The key to creating this connection with hiring managers is communication. It’s estimated that 80% of professional problems are the result of poor communication. Too much communication, not enough communication, missed communication, or communication that does not create feelings of being trusted can all sabotage the connection you try to build with new clients.

Here are some tips for communicating with new hiring managers that lead to a strong, trusting bond:

Eliminate “Should”

Eliminate the word “should” from your vocabulary. Phrases containing the word “should” trigger defensiveness and hostility in many people. “Should” phrases are a quick way to erode the know/like/trust relationship that you’re trying to build.

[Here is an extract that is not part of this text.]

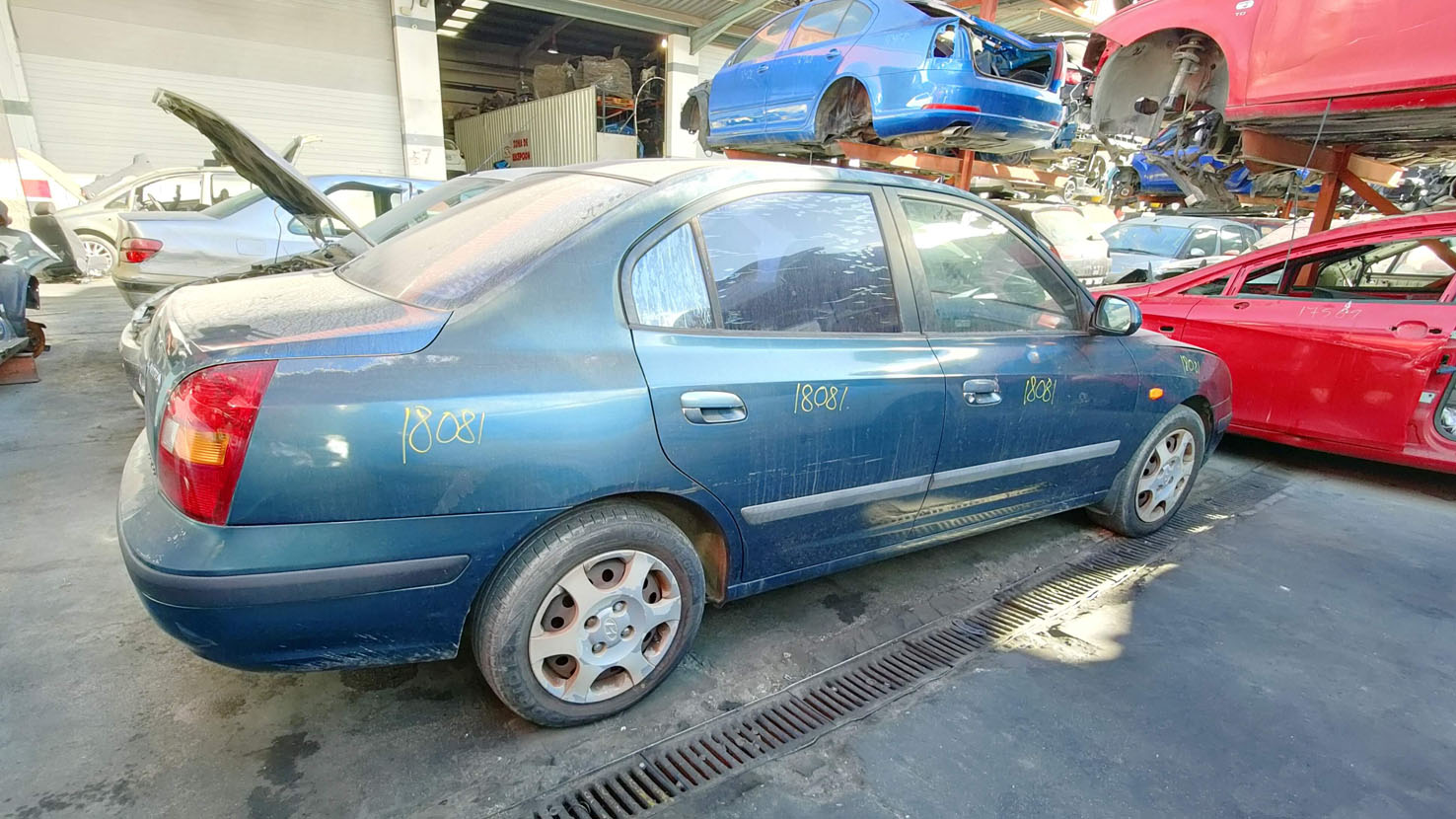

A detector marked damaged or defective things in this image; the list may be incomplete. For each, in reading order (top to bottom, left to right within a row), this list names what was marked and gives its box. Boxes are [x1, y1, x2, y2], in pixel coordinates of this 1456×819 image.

rusty steel beam [1234, 130, 1403, 186] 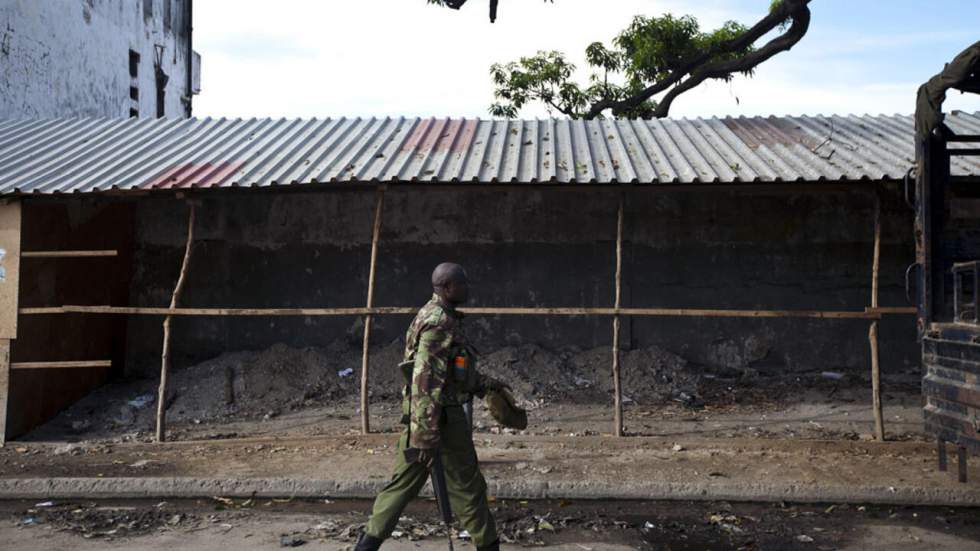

To replace “should,” you can use phrases like “I would suggest” or “I would recommend” or “I’ve seen success when…”

Don’t Say Sorry

Confident communication is an essential ingredient in creating a trusting relationship. Many professionals sabotage their perceived confidence by using apologetic language. Eliminate “sorry” from your professional vocabulary. If you need to apologize, try a more confident approach. Either use the phrase “I apologize” instead of “I’m sorry” or use the situation as a way to compliment the other person rather than tearing yourself down. “Thank you for your understanding” or “thank you for your flexibility” are easy ways to still communicate an apology while building someone else up instead of diminishing the importance of your own communication.

Be Confident

“I think” is a phrase used often in business, but it’s a dangerous one and can quickly evaporate trust. People generally perceive statements that follow “I think” in one of two ways: a) this is actually what the speaker thinks or b) the speaker is unsure of what they are stating. Therefore, a phrase like “I think we’ll be a good fit” will be received by about half of listeners as a statement of the speaker’s truth and the other half will hear a lack of strength and confidence. Replace powerless “I think” language with confidence; literally. Say “I’m confident that we will be a good fit,” and all listeners will receive the same, powerful message.

Use Reflective Listening

Engage in reflective listening. Nothing makes people feel respected and appreciated more than taking the time to listen to them. If you really want to build trust with potential clients, make it abundantly clear that you are hearing and understanding them. Research indicates that one of the deepest human needs is to be understood. If you can communicate understanding to a prospective client, you are building a solid foundation for the know/like/trust bond. Use statements like “If I understand you correctly, you’re saying…” then paraphrase back what has been said. Use your own words, but mirror some of the key words the speaker used to demonstrate true understanding.


Words have tremendous power. And the language we choose to use can be a key to establishing a trusted relationship with clients. By losing words that communicate a lack of confidence and adopting powerful reflective listening skills, you’ll be well on your way to becoming someone a hiring manager knows, likes and trusts.